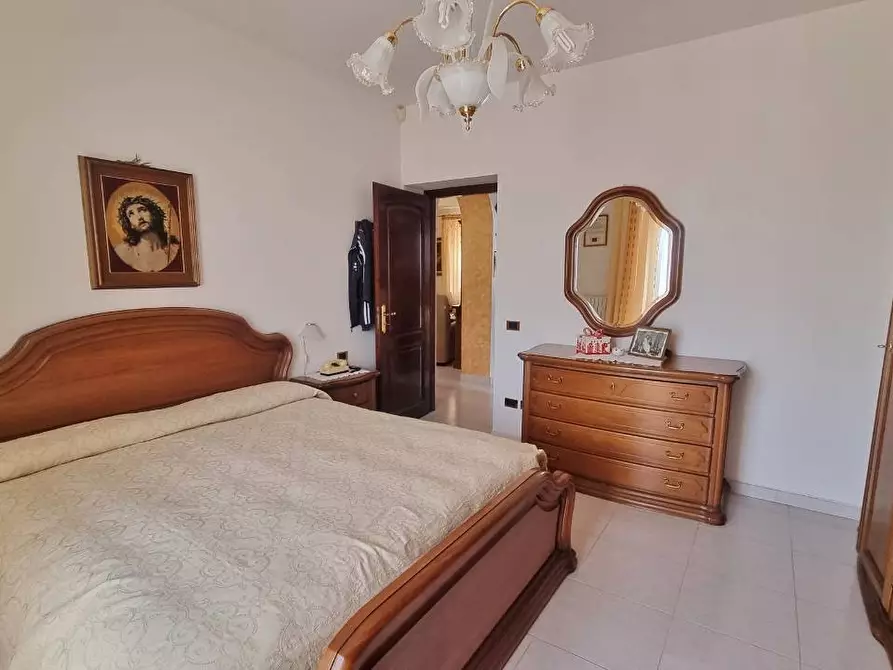 Immagine 25 di Villa in vendita  in Contrada Saboli a Villanova Del Battista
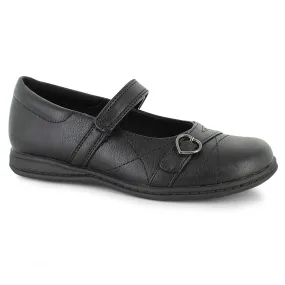 Rachel Shoes Margot - Buy Rachel Shoes Margot Online at Best Prices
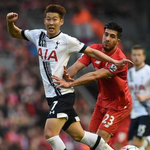 [EXO] <b>NEW</b>!  골미라잇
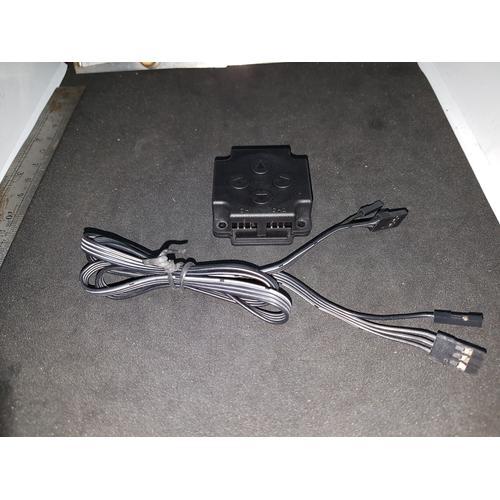 Gambar RC Timer Gimbal Director dari UAV Jakarta Selatan Tokopedia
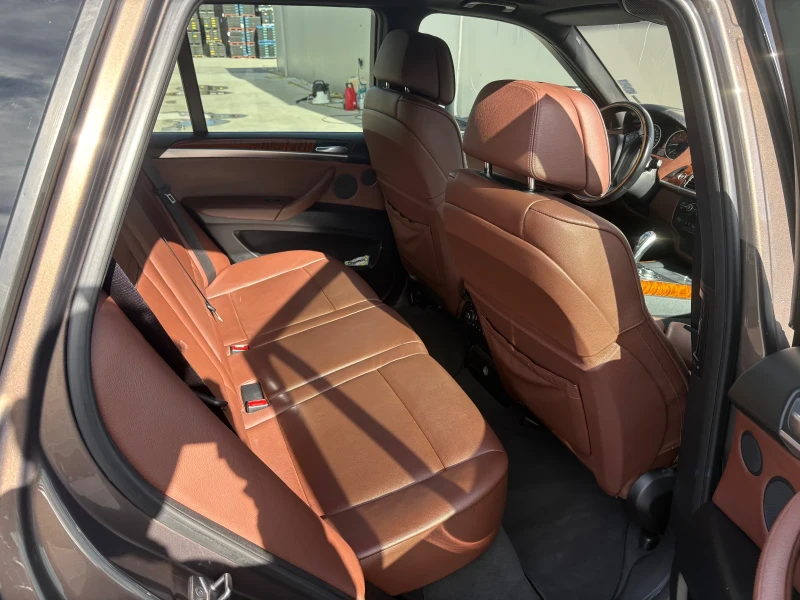 BMW X5 5.0i XD* Individual* Facelift* M Car* , снимка 17 - Автомобили и джипове - 53494702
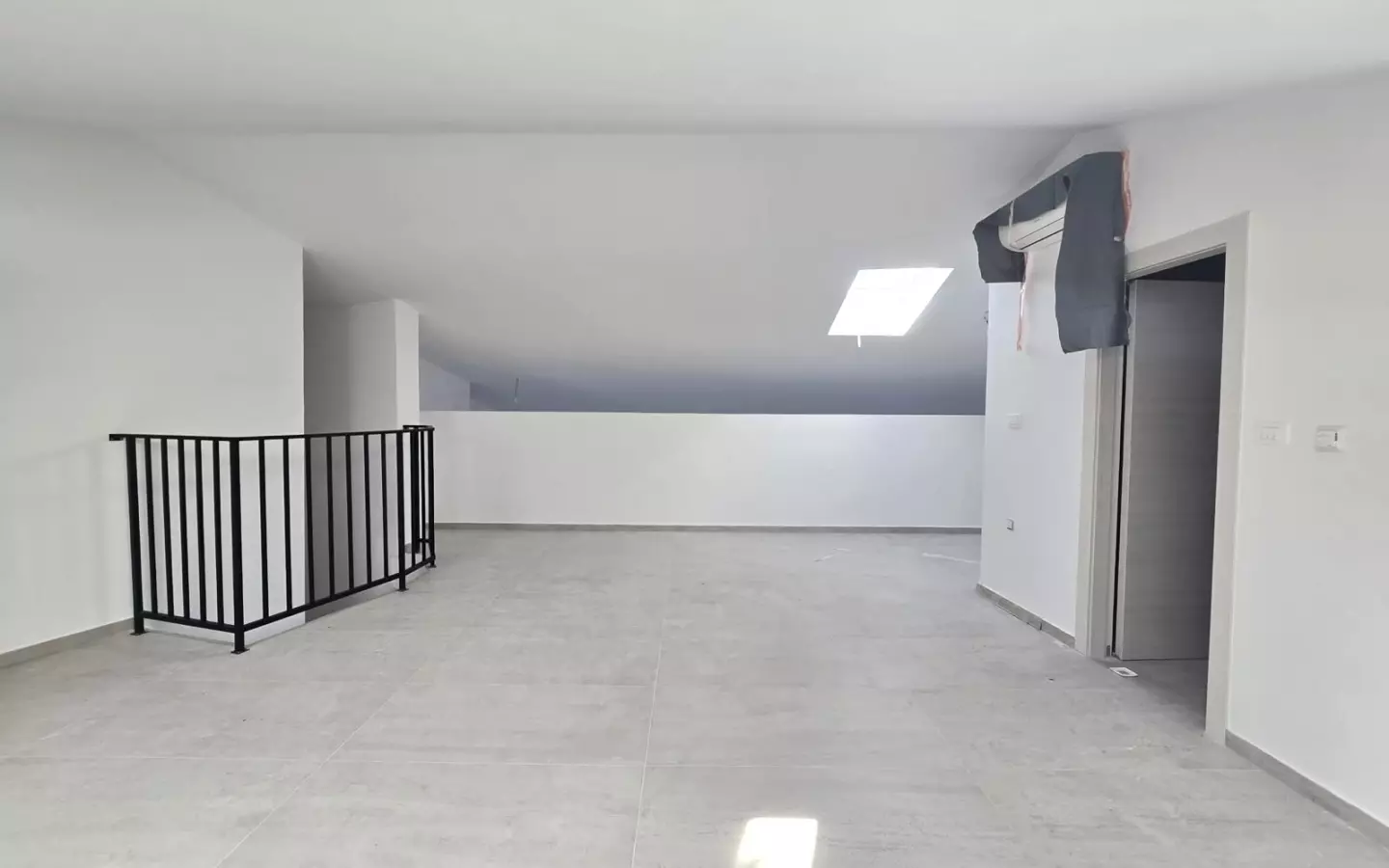 5-bedroom Apartment In Valbandon, Croatia (138,81 M²)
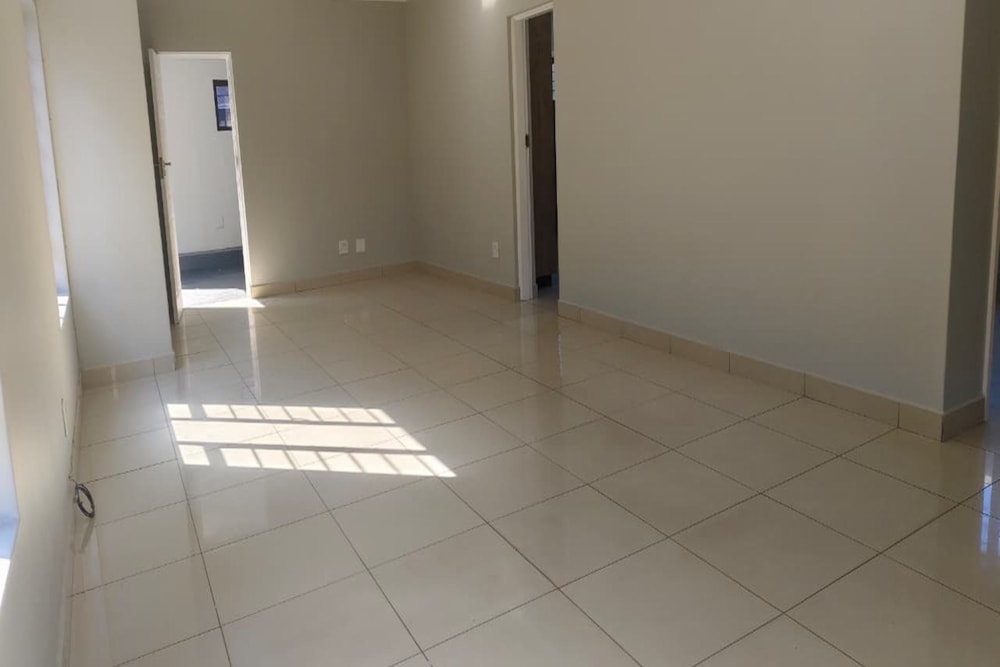 Apartment to rent in Warner Beach - 1WB1744122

=-=-=-=-=

Try it: Retype the whole listing. Keep every word exact but include no pictures.

Result for this task:
 Immagine 25 di Villa in vendita  in Contrada Saboli a Villanova Del Battista
 Rachel Shoes Margot - Buy Rachel Shoes Margot Online at Best Prices
 [EXO] <b>NEW</b>!  골미라잇
 Gambar RC Timer Gimbal Director dari UAV Jakarta Selatan Tokopedia
 BMW X5 5.0i XD* Individual* Facelift* M Car* , снимка 17 - Автомобили и джипове - 53494702
 5-bedroom Apartment In Valbandon, Croatia (138,81 M²)
 Apartment to rent in Warner Beach - 1WB1744122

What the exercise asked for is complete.